Just don't expect the Legislature to follow his recommendations. They'll be facing enormous pressure from the lending and mortgage banking industry, which found the perfect opportunity to attack the Fair Lending Act after S&P's decision.
Two alternatives have been discussed at the Capitol. One would address only assignee liability, the other, floated by Sen. Casey Cagle, R-Gainesville, would gut major portions of last year's legislation. During the last two years, Cagle has accepted campaign contributions from at least 11 financial institutions, a number of which have been identified as predatory lenders. Cagle was also one of only two Senate votes against the Fair Lending Act when it passed in 2002.
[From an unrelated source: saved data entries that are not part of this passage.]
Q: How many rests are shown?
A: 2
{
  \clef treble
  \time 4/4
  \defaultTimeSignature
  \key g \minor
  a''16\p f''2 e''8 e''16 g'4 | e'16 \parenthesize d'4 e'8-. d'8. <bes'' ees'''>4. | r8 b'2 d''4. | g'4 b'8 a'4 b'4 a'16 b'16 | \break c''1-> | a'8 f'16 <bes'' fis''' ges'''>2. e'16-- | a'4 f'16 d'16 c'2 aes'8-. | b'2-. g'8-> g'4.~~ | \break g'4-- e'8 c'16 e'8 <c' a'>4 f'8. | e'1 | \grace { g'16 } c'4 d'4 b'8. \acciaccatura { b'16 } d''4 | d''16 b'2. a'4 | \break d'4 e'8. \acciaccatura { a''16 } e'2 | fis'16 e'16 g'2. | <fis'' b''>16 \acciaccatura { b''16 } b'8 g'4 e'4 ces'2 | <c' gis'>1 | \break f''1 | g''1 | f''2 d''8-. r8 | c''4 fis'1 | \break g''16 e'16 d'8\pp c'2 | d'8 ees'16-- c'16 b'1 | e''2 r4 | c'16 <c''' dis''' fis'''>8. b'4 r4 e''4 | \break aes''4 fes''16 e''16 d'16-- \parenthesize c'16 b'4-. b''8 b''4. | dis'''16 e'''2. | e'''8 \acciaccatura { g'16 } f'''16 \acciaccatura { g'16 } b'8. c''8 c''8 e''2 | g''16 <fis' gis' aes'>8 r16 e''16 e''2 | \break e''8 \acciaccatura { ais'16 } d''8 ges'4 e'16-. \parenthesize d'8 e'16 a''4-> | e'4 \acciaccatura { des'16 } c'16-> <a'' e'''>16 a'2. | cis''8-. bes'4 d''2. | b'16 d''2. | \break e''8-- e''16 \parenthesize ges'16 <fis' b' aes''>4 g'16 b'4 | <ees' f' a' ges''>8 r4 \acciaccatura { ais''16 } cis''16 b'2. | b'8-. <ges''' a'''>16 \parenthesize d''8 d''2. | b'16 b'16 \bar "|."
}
Of course, righteous indignation isn't a good fit for an industry with such a sleazy and financially unstable reputation. In last month's Forbes magazine, for example, investment advisor A. Gary Shilling attacked the health of the industry and warned investors to "avoid stocks of subprime lenders. When nonpayments become a deluge, the subs will be underwater."
The unknown in this fight is Gov. Sonny Perdue. It's no secret that the post-Sen. Trent Lott Republican Party doesn't have the best record on race relations. And in Georgia, Perdue's already on the hook for bringing the Confederate battle flag to a vote. Getting behind an attempt to gut a law that aims to protect poor people who often happen to be minorities would go a long way to establishing a record that can be used against him. Sure, black voters are unlikely to show up in big numbers to pull the lever for Bush in 2004 or Perdue in 2006, but backing only cautious changes to the Fair Lending Act is less likely to energize the Democratic base.
So far, Perdue isn't saying what he plans to do.
"Any changes that the governor would recommend would be based on the desire to keep this as the strongest predatory lending bill in the U.S.," says Perdue press secretary
Kimberly King. "What he's seeking to do is to address S&P's issues."
So far, neither Moody's Investors Service or Fitch Ratings has followed S&P's lead.